## What is expected
Collect every line below that contains the word "Light".

··········

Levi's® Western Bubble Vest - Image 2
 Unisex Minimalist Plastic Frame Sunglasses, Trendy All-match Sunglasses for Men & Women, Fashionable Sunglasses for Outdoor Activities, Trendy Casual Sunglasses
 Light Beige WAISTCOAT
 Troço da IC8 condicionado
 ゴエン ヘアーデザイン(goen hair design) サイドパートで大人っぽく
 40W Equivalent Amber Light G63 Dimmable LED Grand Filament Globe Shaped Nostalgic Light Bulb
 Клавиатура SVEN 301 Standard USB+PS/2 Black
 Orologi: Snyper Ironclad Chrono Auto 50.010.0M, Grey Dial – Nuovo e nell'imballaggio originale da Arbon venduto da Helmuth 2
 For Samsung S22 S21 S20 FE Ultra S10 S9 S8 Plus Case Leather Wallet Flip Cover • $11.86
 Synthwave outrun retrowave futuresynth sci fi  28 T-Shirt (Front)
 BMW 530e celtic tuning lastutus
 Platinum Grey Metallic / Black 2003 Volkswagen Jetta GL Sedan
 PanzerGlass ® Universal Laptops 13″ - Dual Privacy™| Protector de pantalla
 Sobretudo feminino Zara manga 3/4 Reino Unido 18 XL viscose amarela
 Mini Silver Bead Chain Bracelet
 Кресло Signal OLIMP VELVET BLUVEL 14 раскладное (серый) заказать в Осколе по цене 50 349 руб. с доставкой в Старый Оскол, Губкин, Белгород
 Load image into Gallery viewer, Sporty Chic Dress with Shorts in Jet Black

··········

## Written answer
 Light Beige WAISTCOAT
 40W Equivalent Amber Light G63 Dimmable LED Grand Filament Globe Shaped Nostalgic Light Bulb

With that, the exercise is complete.